If geopolitical conflict in the Middle East continues to disrupt supply chains, the Philippines must be better prepared.
Darren De Jesus
Published on

The weekly ritual of fuel price announcements has returned with unsettling force to the dismay of Filipinos. Motorists brace themselves for another adjustment at the pumps, transport groups threaten fare hikes, and businesses quietly recalculate the cost of moving goods across our archipelago. For a country whose lifelines are roads, ports and shipping lanes, the price of oil is not a distant economic indicator; rather, it is the pulse of the national economy.

Recent developments have shown just how volatile the global energy market has become. Oil companies warned of increases reaching as much as P17 to P24 per liter in a single week, prompting government agencies to scramble for mitigating measures. The spike is largely attributed to renewed geopolitical tensions in the Middle East, a region whose instability has historically sent shock waves through the world’s energy markets.

Darren De Jesus
Bracing for global energy shock

Energy Secretary Sharon Garin acknowledged the uncertainty surrounding global prices. As she admitted in a recent interview: “On our calculations… it’s still not going down as we hoped.” The volatility of the market, she added, makes forecasting extremely difficult — not a good sign coming from our chief official for energy.

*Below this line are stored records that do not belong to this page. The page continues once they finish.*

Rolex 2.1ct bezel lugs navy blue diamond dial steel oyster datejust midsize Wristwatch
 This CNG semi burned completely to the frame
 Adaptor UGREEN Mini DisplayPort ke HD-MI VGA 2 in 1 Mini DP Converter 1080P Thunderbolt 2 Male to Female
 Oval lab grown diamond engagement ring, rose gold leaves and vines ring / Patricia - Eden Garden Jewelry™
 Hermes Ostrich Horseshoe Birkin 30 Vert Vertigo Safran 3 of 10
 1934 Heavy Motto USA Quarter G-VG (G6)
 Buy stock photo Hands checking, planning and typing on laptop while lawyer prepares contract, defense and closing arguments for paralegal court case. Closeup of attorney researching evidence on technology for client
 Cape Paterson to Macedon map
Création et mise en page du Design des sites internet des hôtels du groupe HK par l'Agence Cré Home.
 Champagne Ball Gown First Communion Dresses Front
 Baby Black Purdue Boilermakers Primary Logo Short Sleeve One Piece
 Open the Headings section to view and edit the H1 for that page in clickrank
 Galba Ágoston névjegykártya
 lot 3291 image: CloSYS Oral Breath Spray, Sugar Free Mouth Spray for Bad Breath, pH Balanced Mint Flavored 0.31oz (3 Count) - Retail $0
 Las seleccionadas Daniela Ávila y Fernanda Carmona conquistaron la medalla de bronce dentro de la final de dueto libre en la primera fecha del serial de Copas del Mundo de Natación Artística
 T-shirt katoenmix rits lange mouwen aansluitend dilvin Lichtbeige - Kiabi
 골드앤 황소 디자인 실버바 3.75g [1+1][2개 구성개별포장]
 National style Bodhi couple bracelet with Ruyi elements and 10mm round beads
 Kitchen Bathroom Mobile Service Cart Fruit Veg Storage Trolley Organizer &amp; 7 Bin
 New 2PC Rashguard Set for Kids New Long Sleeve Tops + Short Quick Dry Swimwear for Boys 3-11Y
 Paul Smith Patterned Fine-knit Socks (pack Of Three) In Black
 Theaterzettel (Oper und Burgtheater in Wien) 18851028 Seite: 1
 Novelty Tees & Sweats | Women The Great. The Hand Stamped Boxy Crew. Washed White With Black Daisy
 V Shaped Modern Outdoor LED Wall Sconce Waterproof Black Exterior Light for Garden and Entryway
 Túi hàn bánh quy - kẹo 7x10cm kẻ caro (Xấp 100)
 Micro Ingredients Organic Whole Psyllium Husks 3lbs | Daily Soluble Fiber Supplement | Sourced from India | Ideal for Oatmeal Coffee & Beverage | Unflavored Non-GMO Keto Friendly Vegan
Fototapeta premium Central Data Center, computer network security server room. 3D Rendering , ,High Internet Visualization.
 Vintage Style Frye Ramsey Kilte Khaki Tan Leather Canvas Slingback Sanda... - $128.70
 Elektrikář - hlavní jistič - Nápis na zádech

In response, the government has begun implementing temporary relief measures. Among these is the adoption of a four-day workweek in certain government offices, designed to reduce commuting and fuel consumption. But it must be said plainly: This is a stopgap measure. It is a bandage, not a cure.

The Philippines operates under Republic Act 8479, the Oil Deregulation Law of 1998. The intent was to encourage competition and ensure an adequate petroleum supply. Yet deregulation was never meant to translate into regulatory passivity. Even within the current framework, the Department of Energy, the Department of Trade and Industry and the Philippine Competition Commission retain authority to monitor price movements and investigate possible anti-competitive behavior.

Secretary Garin has also signaled openness to revisiting the law itself, even suggesting amendments that would allow the government to exercise “a little police power” over oil companies during extraordinary circumstances. That conversation is worth having.

Transparency in pricing formulas should likewise be strengthened. When prices rise in near-perfect synchronization across different firms, regulators must have the tools to determine whether market forces or coordinated behavior are at work.

Another immediate lever lies in the excise tax provisions of the Tax Reform for Acceleration and Inclusion (TRAIN) Law, which allow the suspension of fuel taxes when global crude prices breach certain thresholds. Exercised judiciously, this mechanism can provide relief without dismantling the broader fiscal framework.

But the deeper challenge is long-term resilience. If geopolitical conflict in the Middle East continues to disrupt supply chains, the Philippines must be better prepared. Strategic petroleum reserves, diversified fuel sourcing and accelerated development of alternative energy sources should form part of a coherent national strategy.

International diplomacy has its place. Yet the hardships felt by Filipino commuters and transport operators are not eased by speeches delivered across oceans before international bodies. They are eased by the quiet but decisive work of governance — enforcing the law, policymakers anticipating crises and institutions acting with foresight.

When oil prices surge, leadership is measured not by words spoken abroad, but by policies crafted and executed here at home.